• _Instructions to follow_
Exactly as they appear, please output the lines from the one with "وفد من كليَّة" through the end of the material, without pictures.

• _Data excerpt_
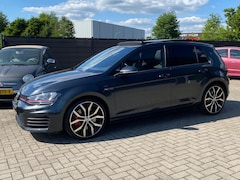 Volkswagen Golf - 2.0 TSI GTI 230PK DSG 5drs Pano.dak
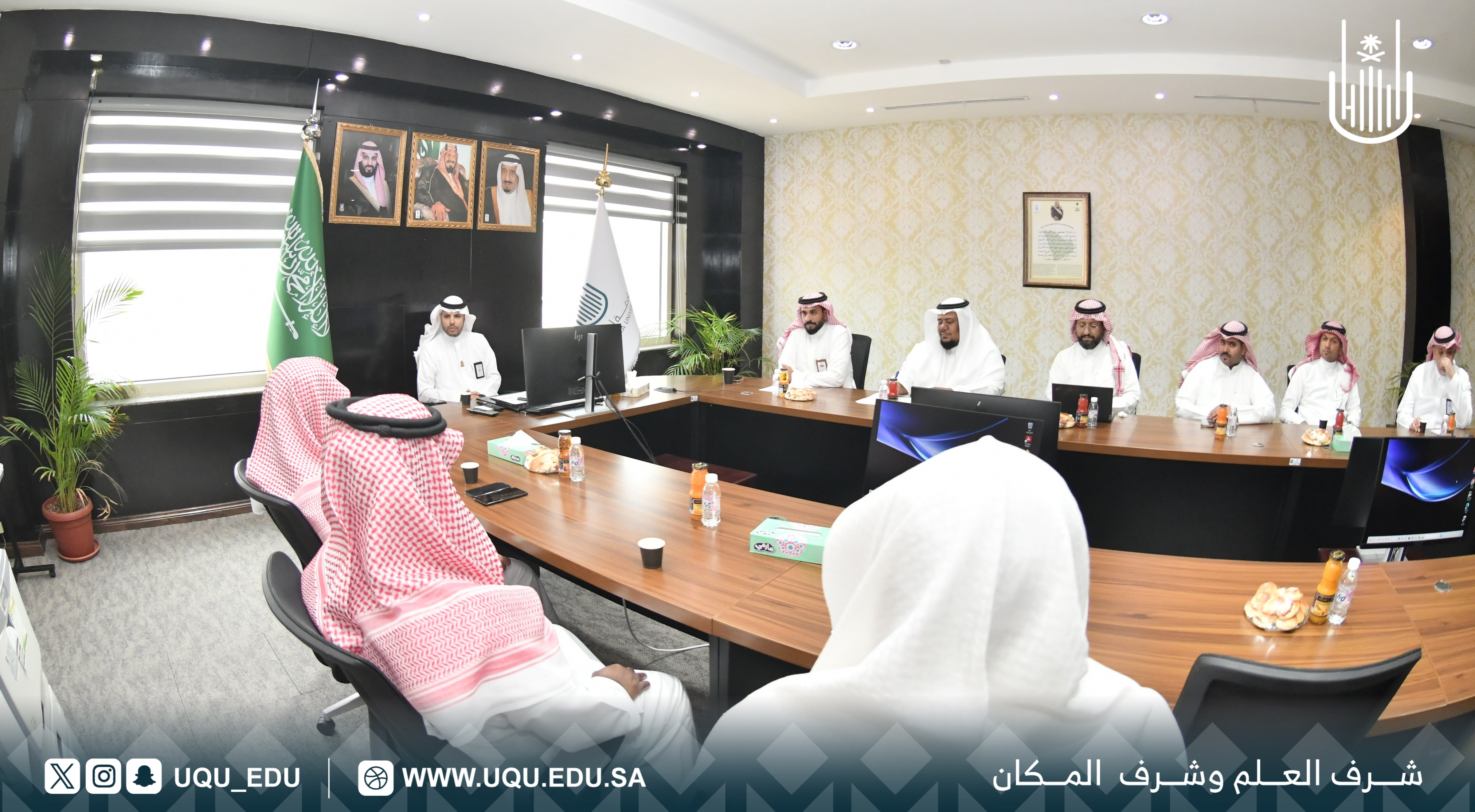 وفد من كليَّة الملك فهد الأمنيَّة يزور عمادة القبول والتَّسجيل بجامعة أمِّ القرى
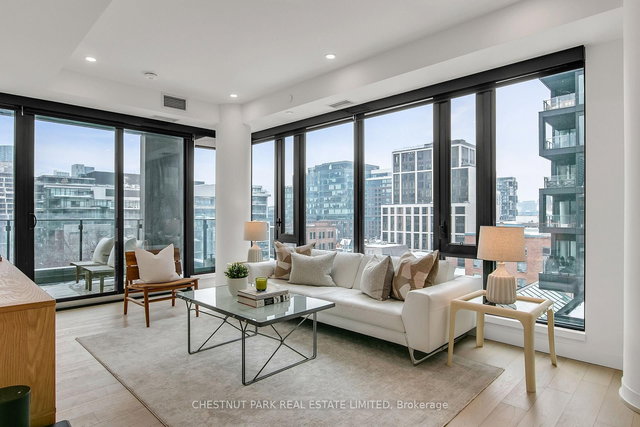 527 - 505 Richmond Street W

• _The completed task_
 وفد من كليَّة الملك فهد الأمنيَّة يزور عمادة القبول والتَّسجيل بجامعة أمِّ القرى
 527 - 505 Richmond Street W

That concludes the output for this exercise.